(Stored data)
╭──

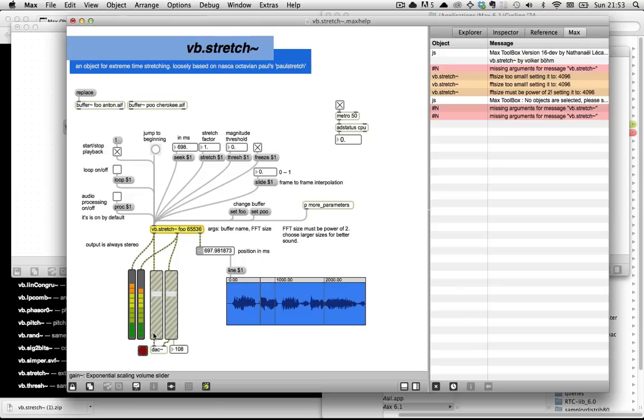Anyway, that's about going to do it for this video. I hope you found that interesting and entertaining. Go download the VB Stretch object and all of its VB Stretchy friends. And yeah, look forward to more tutorials, hopefully coming very soon in the future.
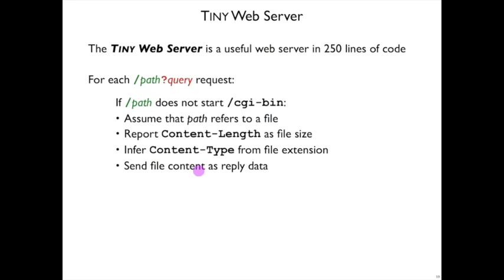It'll set a couple of header fields. It'll specify the content length so that the client knows how long that data is. And it'll also infer a content type based on the file extension of this path. So .gif will result in a content type of image gif, for example.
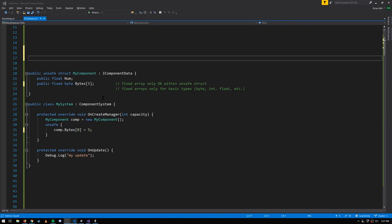As we've said, our component types can't include normal C# arrays, but what we can include are what C# calls fixed arrays. Here this struct has a fixed array of bytes of size 5. This is not a reference pointing to some bytes elsewhere in memory — this struct directly stores 5 bytes for this fixed byte array.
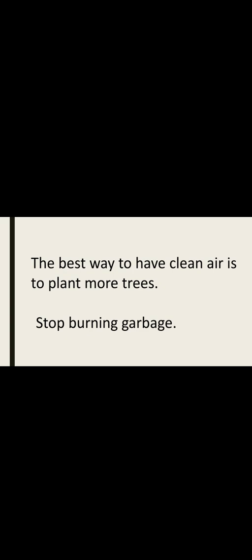The next point is to stop burning garbage. You already know that burning garbage is a cause of pollution. If you stop burning garbage, you will get clean air.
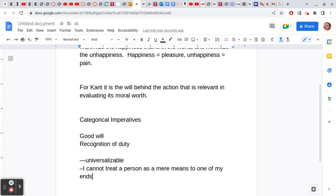The second one says treat everybody as an end in themselves, never as a mere means to one of your ends. So you ask yourself: whatever I'm thinking of doing, would it entail treating a person as a means to an end rather than treating them as an end in themselves? If it does, then I know I can't do it—this action is not conformable to what I have a duty to do. The idea is that these rules are exceptionless. Whatever I do, my maxim of action must be universalizable. If it's not, I can't do it ethically speaking.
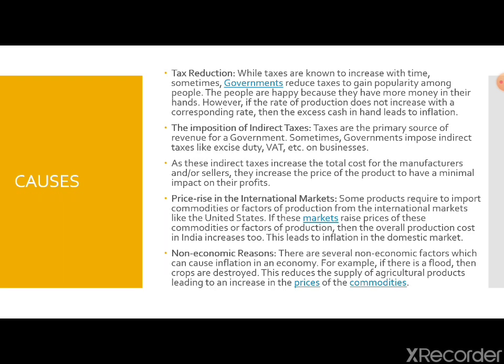Next we come to taxation policies. If the government declares some kind of a tax holiday or tax reduction schemes,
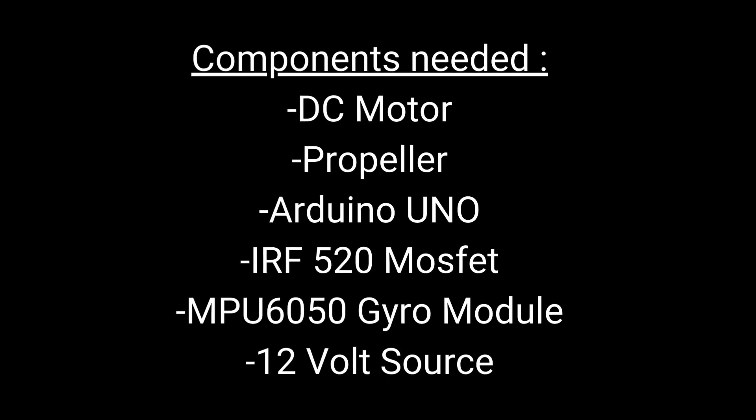The items you see now are the components needed for the setup: a DC motor, drone propeller, an Arduino UNO, one IRF520 MOSFET, one MPU6050 gyroscope module, and lastly a 12-volt energy source.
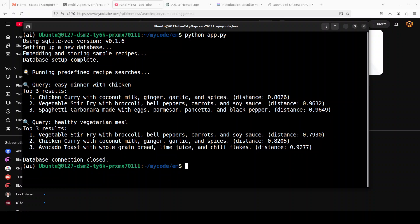So we have seen how to set up everything. Now this is where script has run two static example queries: easy dinner with chicken and healthy vegetarian meal. Each query has been embedded into a vector and then compared against stored recipe embeddings using match which I already showed you and that has returned top three closest matches ranked by distance as you can see here towards the end. And these are all the top k1 and k's value was 3.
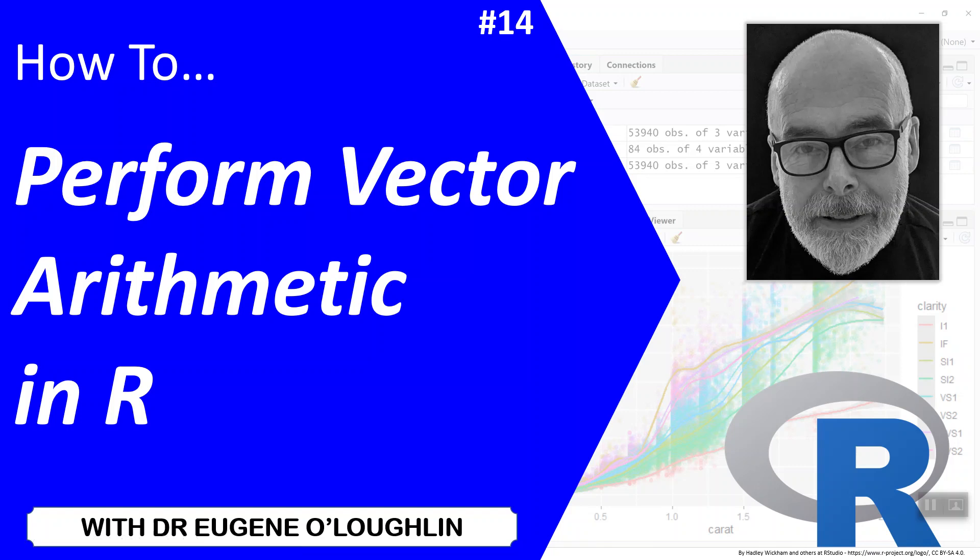Hi everybody, this is Eugene O'Loughlin and welcome to my series of short how-to videos. In this video we want to learn how to perform vector arithmetic in R.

╰──

Problem description.
The preceding entries should be duplicated word for word; no picture belongs in the copy.

Expected answer.
Anyway, that's about going to do it for this video. I hope you found that interesting and entertaining. Go download the VB Stretch object and all of its VB Stretchy friends. And yeah, look forward to more tutorials, hopefully coming very soon in the future.
It'll set a couple of header fields. It'll specify the content length so that the client knows how long that data is. And it'll also infer a content type based on the file extension of this path. So .gif will result in a content type of image gif, for example.
As we've said, our component types can't include normal C# arrays, but what we can include are what C# calls fixed arrays. Here this struct has a fixed array of bytes of size 5. This is not a reference pointing to some bytes elsewhere in memory — this struct directly stores 5 bytes for this fixed byte array.
The next point is to stop burning garbage. You already know that burning garbage is a cause of pollution. If you stop burning garbage, you will get clean air.
The second one says treat everybody as an end in themselves, never as a mere means to one of your ends. So you ask yourself: whatever I'm thinking of doing, would it entail treating a person as a means to an end rather than treating them as an end in themselves? If it does, then I know I can't do it—this action is not conformable to what I have a duty to do. The idea is that these rules are exceptionless. Whatever I do, my maxim of action must be universalizable. If it's not, I can't do it ethically speaking.
Next we come to taxation policies. If the government declares some kind of a tax holiday or tax reduction schemes,
The items you see now are the components needed for the setup: a DC motor, drone propeller, an Arduino UNO, one IRF520 MOSFET, one MPU6050 gyroscope module, and lastly a 12-volt energy source.
So we have seen how to set up everything. Now this is where script has run two static example queries: easy dinner with chicken and healthy vegetarian meal. Each query has been embedded into a vector and then compared against stored recipe embeddings using match which I already showed you and that has returned top three closest matches ranked by distance as you can see here towards the end. And these are all the top k1 and k's value was 3.
Hi everybody, this is Eugene O'Loughlin and welcome to my series of short how-to videos. In this video we want to learn how to perform vector arithmetic in R.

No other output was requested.